───── Dataset content

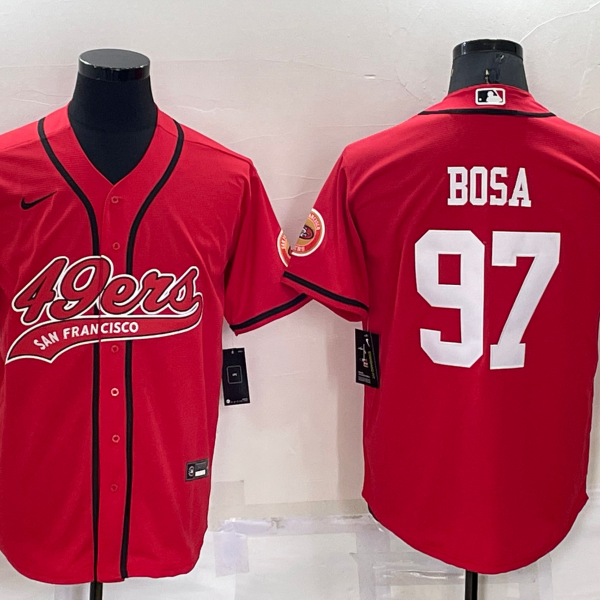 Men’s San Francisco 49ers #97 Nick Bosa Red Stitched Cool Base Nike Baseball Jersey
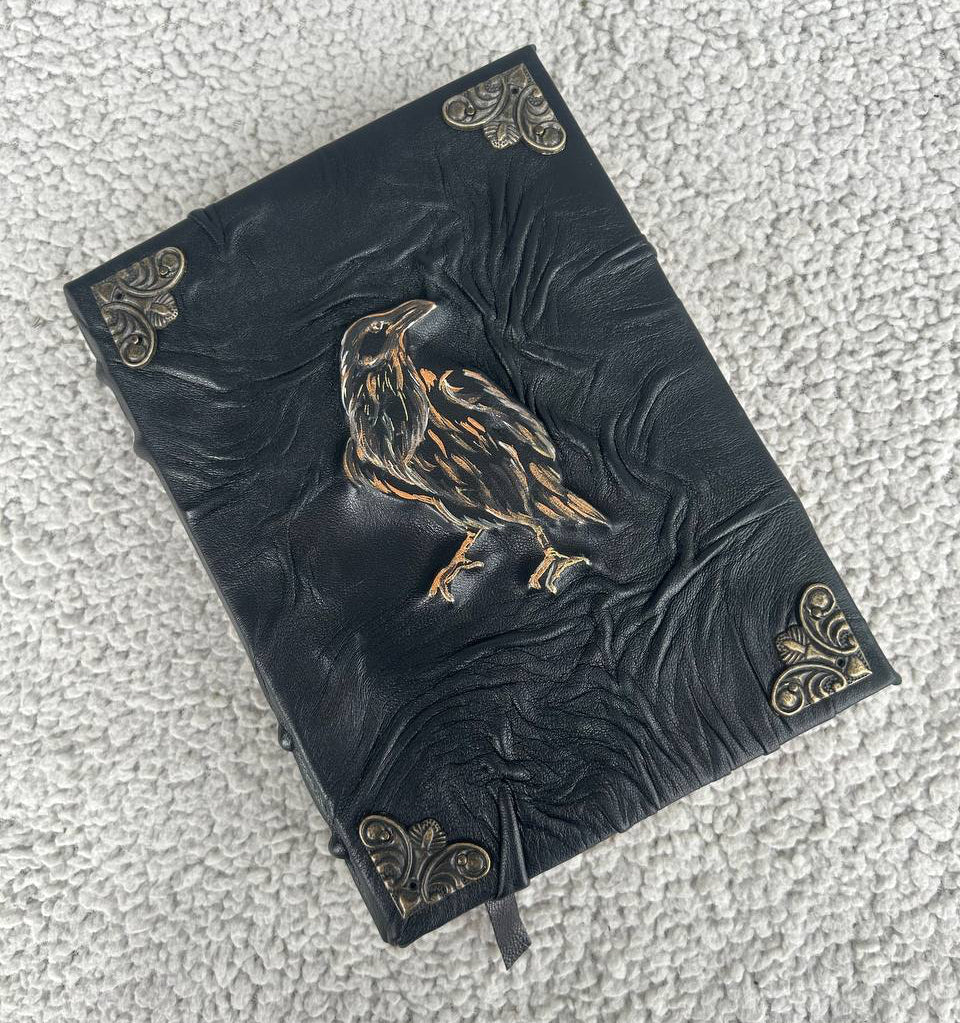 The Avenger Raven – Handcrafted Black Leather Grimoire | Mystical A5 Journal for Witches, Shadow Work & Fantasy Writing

──────────
───── Dataset content

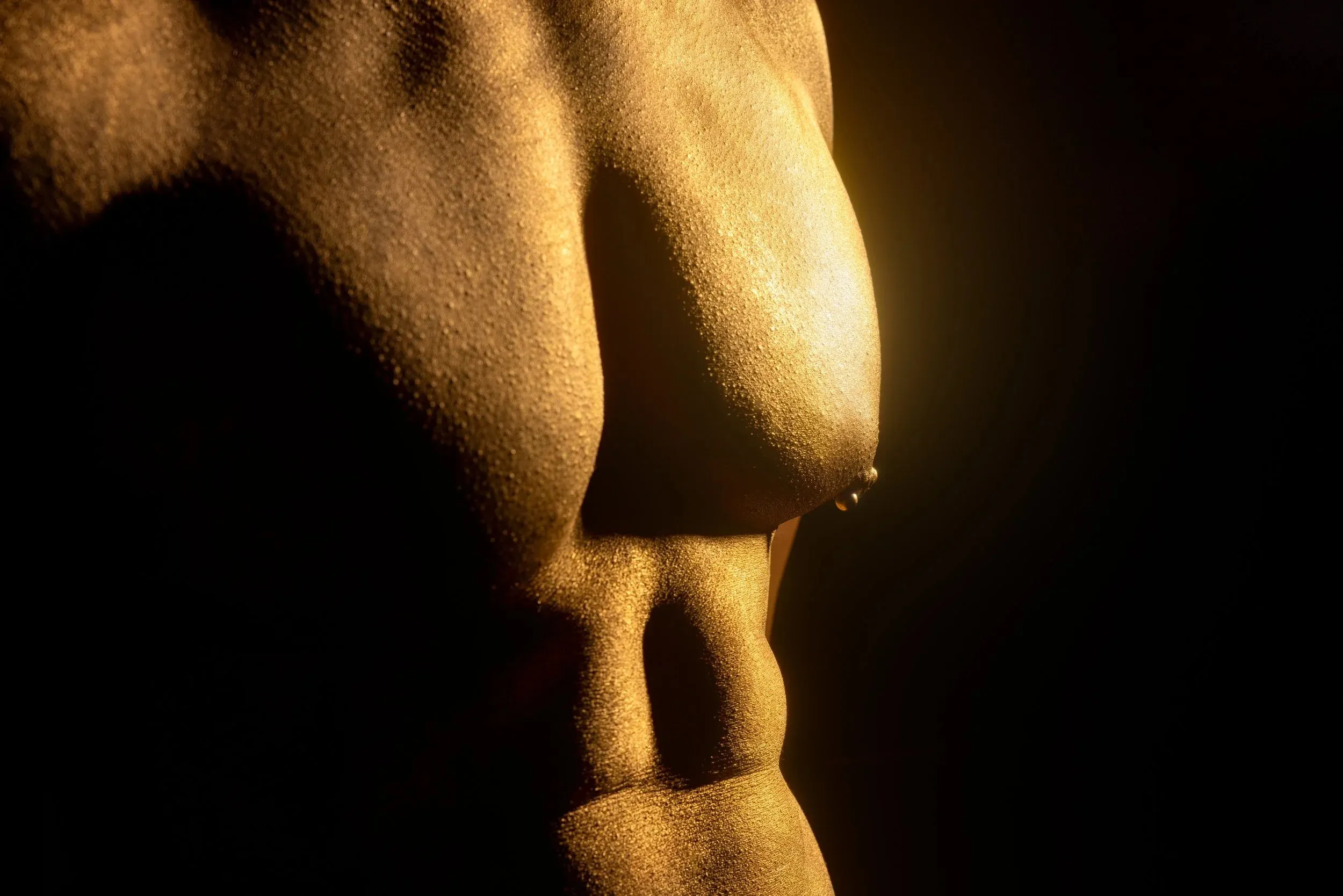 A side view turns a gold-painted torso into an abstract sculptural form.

──────────

**What to do:** Reproduce the lines above starting at the one with "Men’s San Francisco" and ending at the one with "The Avenger Raven", both included, exactly and with no pictures.

**Written answer:**
 Men’s San Francisco 49ers #97 Nick Bosa Red Stitched Cool Base Nike Baseball Jersey
 The Avenger Raven – Handcrafted Black Leather Grimoire | Mystical A5 Journal for Witches, Shadow Work & Fantasy Writing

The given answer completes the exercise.